Records and Twickenham became a global temple
Credit Photo – Icon Sport
In more than 100 years, Twickenham has experienced the greatest feats of the XV de la Rose – apart from winning the World Cup in 2003, which was held in Australia. Thanks to different versions of the World Cup, the “Cabbage Garden” holds many records in the competition. When England received the second edition of the international competition in 1919, it became the first stadium to host a World Cup match (the first edition which was played in Australia and New Zealand in 1919). Twickenham has also become the first stadium in the Northern Hemisphere to host the World Cup final. The locals faced a 6–12 loss against Australia in the final.

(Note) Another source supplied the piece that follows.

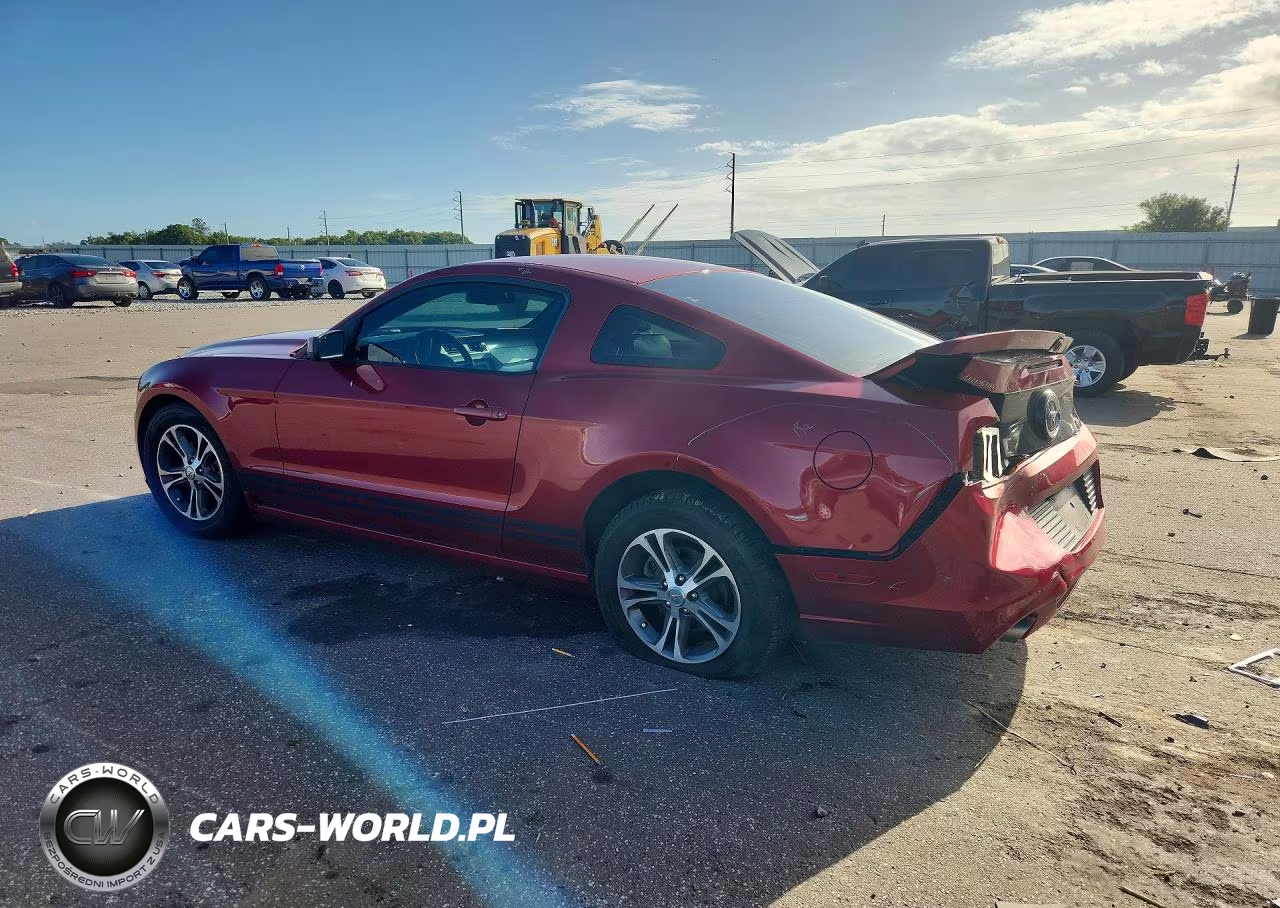2014 Ford Mustang VIN:1ZVBP8AM5E5325271 - 2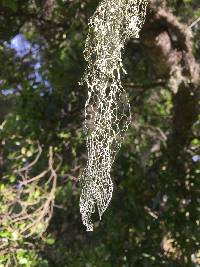 Ramalina menziesii image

Since then “Tweakers” has hosted matches in 1999 (a version hosted by several European countries) including two semi-finals and several matches during the 2015 edition. This time only a World Cup hosted by England and Twickenham Stadium which hosted ten games including five in the final. With 20 matches played in the suburbs of London, this stadium holds the record for the number of matches played in the World Cup in front of the Eden Park Stadium in New Zealand.
The cabbage garden also hosted the finals of nine World Cup finals. 2015 between New Zealand and Australia. The All Blacks won 34–17 against the Wallabies and with 51 points overall, it became the most spectacular World Cup final ever. Dan Carter, who was named Man of the Match in the final, has 19 points in the leg, played in front of more than 80,000 spectators. New Zealand then became the world champion for the third time in history (the only team at the time, now equaled by South Africa) and the first country to retain its world crown. Twickenham Stadium also includes eight of the twenty biggest appearances at the World Cup in all editions, making it the most represented stadium in this ranking. From a small cabbage garden in the suburbs of London, “Tweakers” has grown over decades and English songs are a real field of expression for players in World Rugby.